Quick finish on bypass praised

11/20/2012
BY DAVID PATCH
BLADE STAFF WRITER
The circle and creation of SR 18 is designed to alleviate traffic congestion expected because of the intermodal terminal just west of North Baltimore.
The circle and creation of SR 18 is designed to alleviate traffic congestion expected because of the intermodal terminal just west of North Baltimore.

NORTH BALTIMORE, Ohio -- The speed with which the Ohio Department of Transportation designed and built a State Rt. 18 bypass around this southern Wood County village was a recurring theme during the road's dedication Monday afternoon.

"To go from six or seven years down to two years, that's just fantastic," Gov. John Kasich said during a news conference next to a roundabout -- the first on a state highway in northwest Ohio -- at the new Route 18 junction with North Baltimore's Main Street.

Clarence Gooden, an executive vice president at CSX Transportation, apologized to the governor for having laughed early last year when state officials pledged to get the 2.2-mile, $5.8 million road built by the end of 2012.

"I was just flat out wrong," said Mr.

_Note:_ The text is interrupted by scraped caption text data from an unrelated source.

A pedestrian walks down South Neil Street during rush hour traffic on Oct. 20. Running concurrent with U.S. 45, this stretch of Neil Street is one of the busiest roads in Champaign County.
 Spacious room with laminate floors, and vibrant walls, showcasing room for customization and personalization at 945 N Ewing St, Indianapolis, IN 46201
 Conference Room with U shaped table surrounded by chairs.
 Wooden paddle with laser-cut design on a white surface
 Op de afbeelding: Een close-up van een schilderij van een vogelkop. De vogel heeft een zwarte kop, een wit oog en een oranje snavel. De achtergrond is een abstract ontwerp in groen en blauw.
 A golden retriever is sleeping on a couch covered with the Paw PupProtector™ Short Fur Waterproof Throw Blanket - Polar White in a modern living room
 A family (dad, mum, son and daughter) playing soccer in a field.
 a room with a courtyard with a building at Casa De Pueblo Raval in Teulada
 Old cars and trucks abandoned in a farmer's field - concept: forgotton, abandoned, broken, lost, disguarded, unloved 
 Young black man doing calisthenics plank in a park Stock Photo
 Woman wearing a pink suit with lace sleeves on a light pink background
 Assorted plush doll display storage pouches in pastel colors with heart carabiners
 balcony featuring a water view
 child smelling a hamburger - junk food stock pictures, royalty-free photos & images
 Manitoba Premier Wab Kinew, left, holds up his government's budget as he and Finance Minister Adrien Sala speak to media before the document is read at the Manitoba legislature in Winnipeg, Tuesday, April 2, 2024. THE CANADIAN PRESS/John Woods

Gooden, whose company's 500-acre intermodal terminal that opened last year west of town in Henry Township was the main reason for building the bypass.

Six to seven years had been the standard ODOT timeframe for designing projects, obtaining environmental permits, buying land, and construction, but department Director Jerry Wray said the faster track is what people should expect in the future.

"The changes we made in the project development process for this project, we are now incorporating in all our projects," Mr. Wray said. "This is not your grampa's ODOT. We're going to be moving a lot faster."

Route 18's old path through North Baltimore, to be posted as Business 18, followed Main Street to the center of town and then went west on West State Street. Through traffic had to turn twice -- once to the right, once to the left -- and state and local officials feared increasing safety and congestion problems with increasing numbers of large trucks passing through on their way to or from the CSX terminal.

ODOT chose the road's new alignment, a broad S curve running from Main at its east end to Liberty Hi Road near the rail yard, from among four options it publicly announced in 2011. Contractor R.D. Jones began work early this year.

Route 18's new path "will further position us to experience additional development, while maintaining the quiet village atmosphere" that North Baltimore residents are accustomed to, village Mayor Mike Julien said.

The roundabout at Main Street's south end will become "an attractive front door for our community," the mayor said, noting that a local Boy Scout has announced plans to dress up the new intersection as a community-service project for his Eagle rank.

Rex Huffman, director of Wood County Economic Development, called the road "a monument to leadership," while CSX's Mr. Gooden said the combination of public and private investment -- now approaching a quarter-billion dollars -- "is putting this place on the map nationally.

"There isn't a week where we aren't touting the benefits of northwest Ohio," the railroad official said, noting that CSX bridge and tunnel projects that will allow trains to carry stacked freight containers between North Baltimore and Boston, eastern Pennsylvania, and the Carolinas are proceeding apace.

The new road "will eliminate bottlenecks and lead to more jobs. North Baltimore is going to be a place where people say, 'How did they do that up there?' " Governor Kasich said, predicting that the area will become "the new Chicago, I hope" for transportation and logistics.

But he also described the Route 18 project as just "one piece of the puzzle" that also includes widening I-75 from four lanes to six between Perrysburg and Findlay and modernizing that freeway's I-475 junction in Perrysburg.

Funding for those projects, the governor said, will depend on Ohio's ability to "unlock value" from its public assets -- most notably the Ohio Turnpike, which is the subject of an on-going state study.

When begun early this year, the study was scheduled to be complete by year's end, but Mr. Kasich said Monday it may stretch into 2013.

"I don't want to put a timeline on it," he said. "We're not going to do anything we're not 100 percent convinced about."